===== Raw data

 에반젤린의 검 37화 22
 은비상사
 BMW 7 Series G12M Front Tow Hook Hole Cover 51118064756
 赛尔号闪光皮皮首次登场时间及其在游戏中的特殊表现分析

==========
===== Raw data

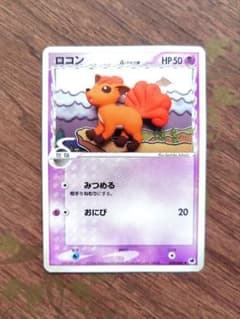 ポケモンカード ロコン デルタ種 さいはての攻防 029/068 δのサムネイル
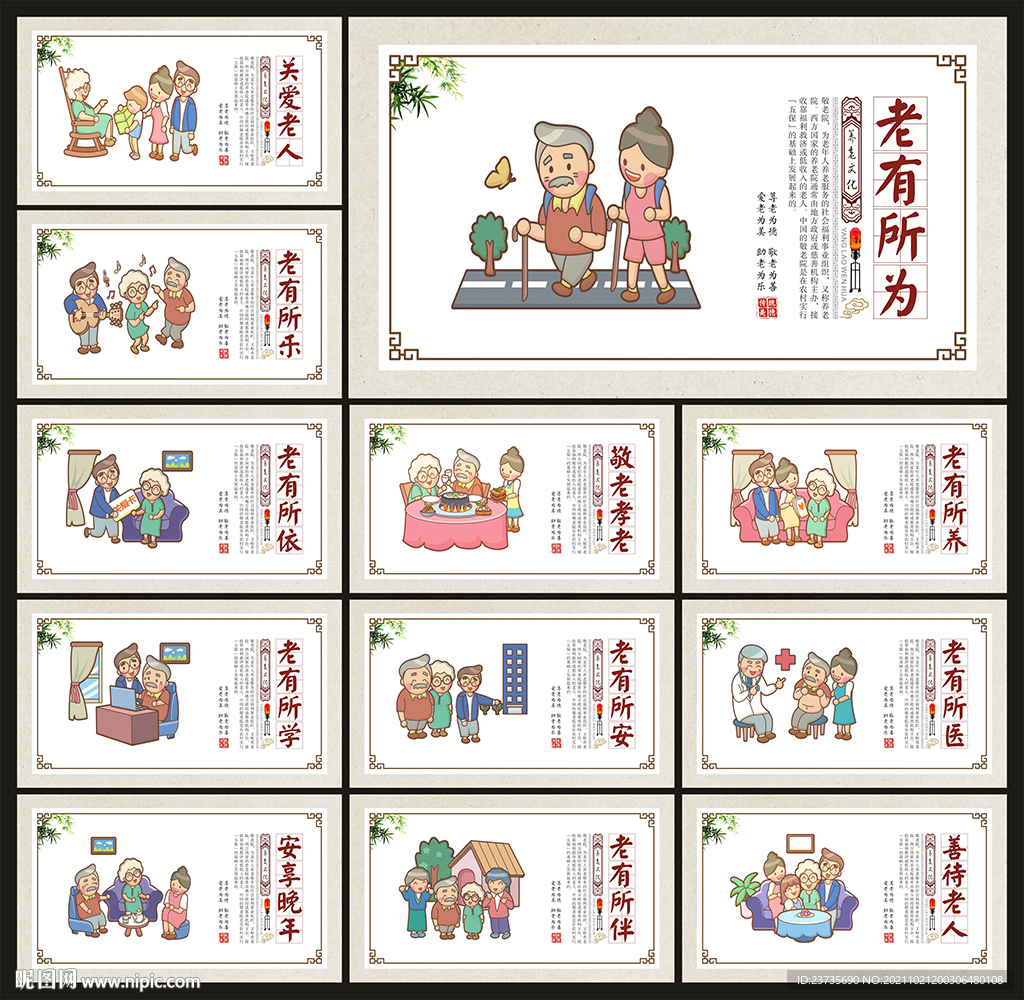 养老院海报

==========
===== Raw data

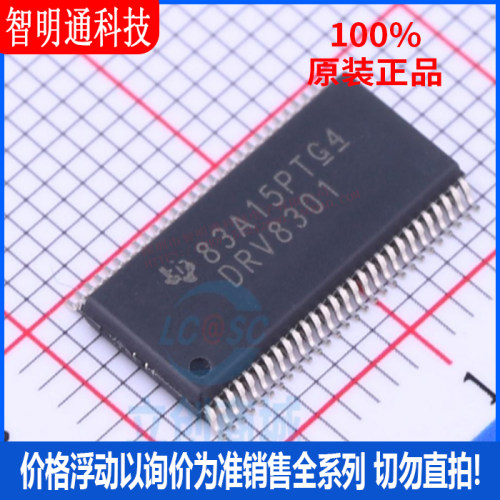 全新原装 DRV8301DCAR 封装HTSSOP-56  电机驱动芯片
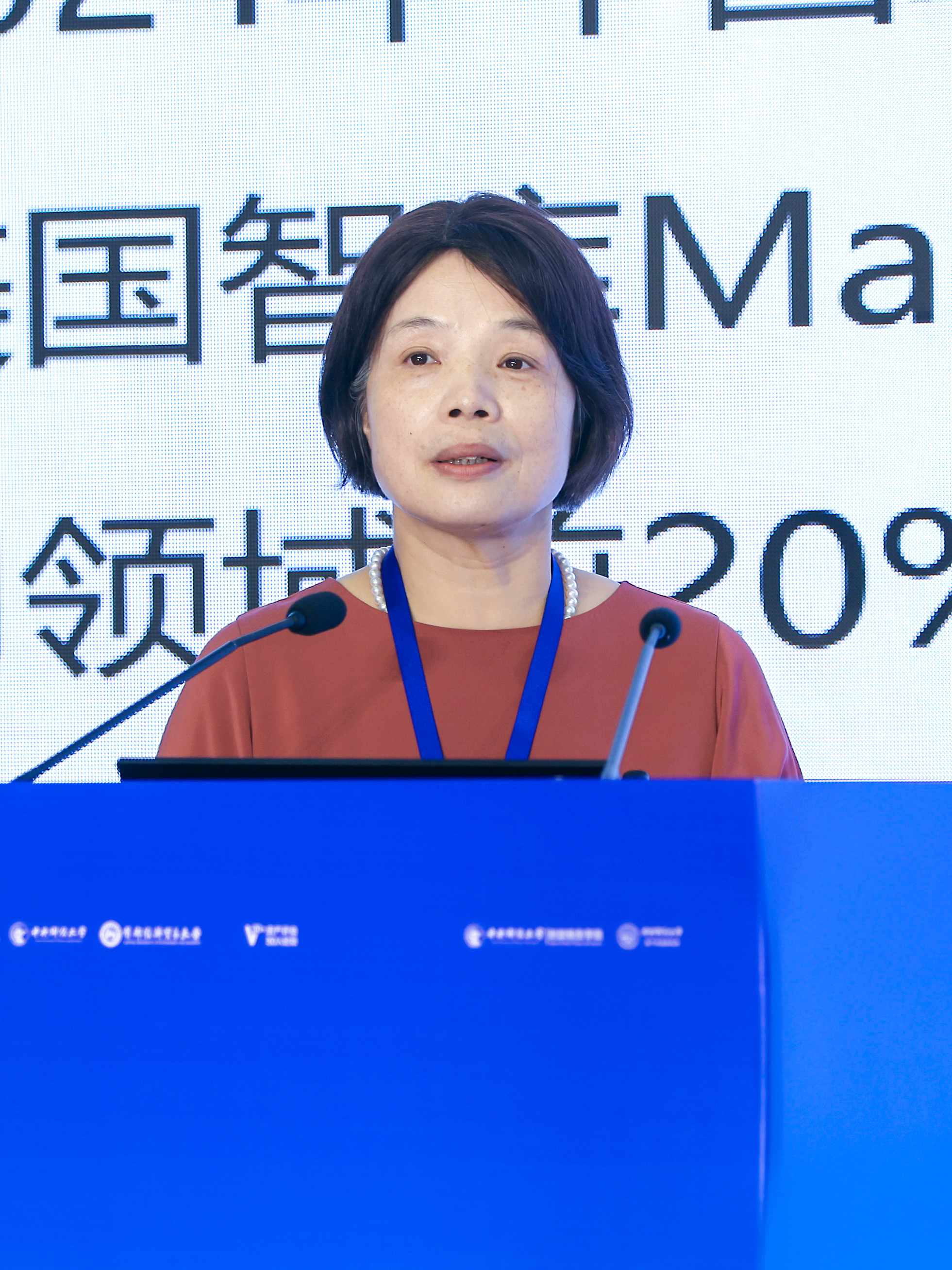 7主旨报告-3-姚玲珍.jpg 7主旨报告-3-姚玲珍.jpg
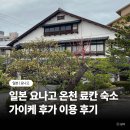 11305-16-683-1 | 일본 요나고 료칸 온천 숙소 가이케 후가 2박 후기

==========

Problem to solve: The line holding "7主旨报告-3-姚玲珍.jpg 7主旨报告-3-姚玲珍.jpg" starts the copy and the line holding "11305-16-683-1 | 일본" ends it. Repeat those two lines above and all between them exactly, leaving out pictures.

Result of this task:
 7主旨报告-3-姚玲珍.jpg 7主旨报告-3-姚玲珍.jpg
 11305-16-683-1 | 일본 요나고 료칸 온천 숙소 가이케 후가 2박 후기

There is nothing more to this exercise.